Modulatory effects of carvacrol against cadmium-induced hepatotoxicity and nephrotoxicity by molecular targeting regulation.

机构信息

Department of Biochemistry, Faculty of Veterinary Medicine, Atatürk University, 25240 Erzurum, Turkey.

Department of Biochemistry, Faculty of Veterinary Medicine, Bingol University, 12000 Bingol, Turkey.

出版信息

Life Sci. 2021 Jul 15;277:119610. doi: 10.1016/j.lfs.2021.119610. Epub 2021 May 11.

DOI:10.1016/j.lfs.2021.119610
PMID:33989663
Abstract

AIM

Cadmium (Cd) is a toxic heavy metal that causes severe toxic effects on different tissues including liver and kidney. Therefore the research for alternatives to reduce the damage caused by Cd has substantial importance. This study was performed to examine the possible modulatory effects of carvacrol (CRV) against Cd-induced hepatorenal toxicities and the possible mechanisms underlying these effects.

MATERIALS AND METHODS

In the present study, 35 male Wistar rats were randomly divided into 5 groups. The rats were treated with Cd (25 mg/kg) and treated with CRV (25 and 50 mg/kg body weight) for 7 consecutive days.

KEY FINDINGS

CRV could modulate Cd-induced elevations of ALT, ALP, AST, urea, creatinine, MDA and enhance antioxidant enzymes' activities such as SOD, CAT, and GPx, and GSH's level.

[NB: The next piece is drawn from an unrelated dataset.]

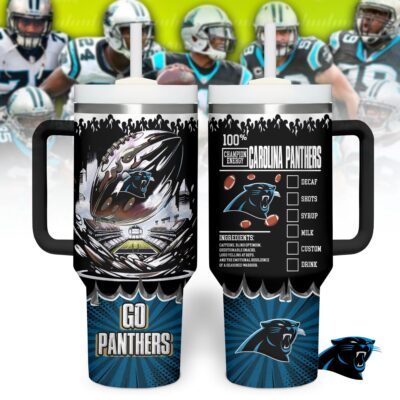 Carolina Panthers | Premium NFL Champion Energy Tumbler 40oz HY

CRV also reversed the changes in levels of inflammatory biomarker and apoptotic genes that include NF-κB, Bcl-3, MAPK-14, iNOS, COX-2, MPO, PGE2, Bax, Bcl-2, P53, Caspase-9, Caspase-6 and Caspase-3 in both tissues. The levels of 8-OHdG in the Cd-induced liver and kidney tissues were modulated after CRV treatment. Furthermore, CRV treatment considerably lowered Cd, Na, Fe, and Zn content while increased K, Ca, Mg and Cu contents in both tissues as compared to the Cd-exposed rats.

SIGNIFICANCE

The results of the present study revealed that CRV supplementation could be a promising strategy to protect the liver and kidney tissues against Cd-induced oxidative damage, inflammation and apoptosis.

摘要

目的

镉(Cd)是一种有毒重金属,对包括肝脏和肾脏在内的不同组织造成严重的毒性作用。因此,寻找替代品以减少 Cd 造成的损害具有重要意义。本研究旨在研究香芹酚(CRV)对 Cd 诱导的肝肾功能毒性的可能调节作用及其潜在机制。

材料和方法

本研究中,将 35 只雄性 Wistar 大鼠随机分为 5 组。大鼠连续 7 天用 Cd(25mg/kg)处理,并分别用 CRV(25 和 50mg/kg 体重)处理。

主要发现

CRV 可调节 Cd 诱导的 ALT、ALP、AST、尿素、肌酐、MDA 升高,并增强 SOD、CAT 和 GPx 等抗氧化酶的活性,以及 GSH 水平。CRV 还逆转了 NF-κB、Bcl-3、MAPK-14、iNOS、COX-2、MPO、PGE2、Bax、Bcl-2、P53、Caspase-9、Caspase-6 和 Caspase-3 等炎症生物标志物和凋亡基因在两种组织中的变化。CRV 处理还调节了 Cd 诱导的肝和肾组织中 8-OHdG 的水平。此外,与 Cd 暴露大鼠相比,CRV 处理显著降低了 Cd、Na、Fe 和 Zn 含量,同时增加了 K、Ca、Mg 和 Cu 含量。

意义

本研究结果表明,CRV 补充可能是一种有前途的策略,可保护肝脏和肾脏组织免受 Cd 诱导的氧化损伤、炎症和凋亡。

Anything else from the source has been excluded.